Start hadoop, hive, hue server in the virtual hadoop clusters based on docker

来源：互联网发布：手机优酷无网络连接编辑：程序博客网时间：2024/06/06 12:48

######start hadoop####### refer to "http://tashan10.com/yong-dockerda-jian-hadoopwei-fen-bu-shi-ji-qun/"
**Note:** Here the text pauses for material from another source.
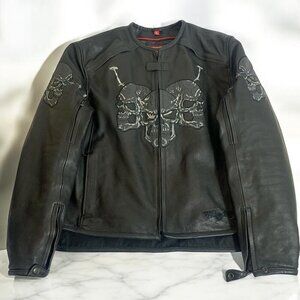 First Racing Black Leather Motorcycle Jacket Skulls XL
1.open three terminals and execute one of the following three commands respectively for each terminal to start three containers from the image at first time.
1)docker run -ti -h master --name master centos:hadoop_hive
2)docker run -ti -h slave1 --name slave1 centos:hadoop_hive
3)docker run -ti -h slave2 --name slave2 centos:hadoop_hive

if it is not the first time to start the three node container, we can execute "docker ps -a" to see the name of those three container:
#####################################################################################################################################
datahub@datahub:~$ docker ps -a
CONTAINER ID IMAGE COMMAND CREATED STATUS PORTS NAMES
beefe2d6832c centos:hadoop_hive "/bin/bash" 2 days ago Up 2 days slave2
ff3aa0faed1f centos:hadoop_hive "/bin/bash" 2 days ago Up 2 days slave1
5738358d2048 centos:hadoop_hive "/bin/bash" 2 days ago Up 2 days master
5166f7fdead5 centos:Hue "/bin/bash" 2 days ago Up 2 days hue_server
#####################################################################################################################################

1)docker start master docker attach master
2)docker start slave1 docker attach slave1
3)docker start slave2 docker attach slave2

notice:这里有几个问题：

(1)Docker容器中的ip地址是启动之后自动分配的，且不能手动更改
(2)hostname、hosts配置在容器内修改了，只能在本次容器生命周期内有效。如果容器退出了，重新启动，这两个配置将被还原。且这两个配置无法通过commit命令写入镜像

2.配置hosts

1.通过ifconfig命令获取各节点ip。环境不同获取的ip可能不一样，例如我本机获取的ip如下：
master:172.17.0.2
slave1:172.17.0.6
slave2:172.17.0.7

使用nano /etc/hosts命令将如下配置写入各节点的hosts文件，注意修改ip地址：

172.17.0.2 master
172.17.0.6 slave1
172.17.0.7 slave2

3.配置slaves

(1)在master节点容器中执行如下命令：
root@master:~# cd $HADOOP_CONFIG_HOME/
root@master:~/soft/apache/hadoop/hadoop-2.6.0/etc/hadoop# nano slaves

(2)将如下slave节点的hostname信息写入该文件：
slave1
slave2

(3)启动Hadoop
在master节点上执行start-all.sh命令，启动Hadoop

4.check the hadoop run state
在each node上执行jps命令，结果如下：
master节点:

root@master:~/soft/apache/hadoop/hadoop-2.6.0/etc/hadoop# jps
1223 Jps
992 SecondaryNameNode
813 NameNode
1140 ResourceManager

slave1节点:

root@slave1:~/soft/apache/hadoop/hadoop-2.6.0/etc/hadoop# jps
258 NodeManager
352 Jps
159 DataNode

slave2节点:

root@slave2:~/soft/apache/hadoop/hadoop-2.6.0/etc/hadoop# jps
371 Jps
277 NodeManager
178 DataNode

在master节点上通过命令hdfs dfsadmin -report查看DataNode是否正常启动

######start hive######(all of these steps below are done in master node)
we choose mysql as the metastore of hive(username:hive1,password:hive1)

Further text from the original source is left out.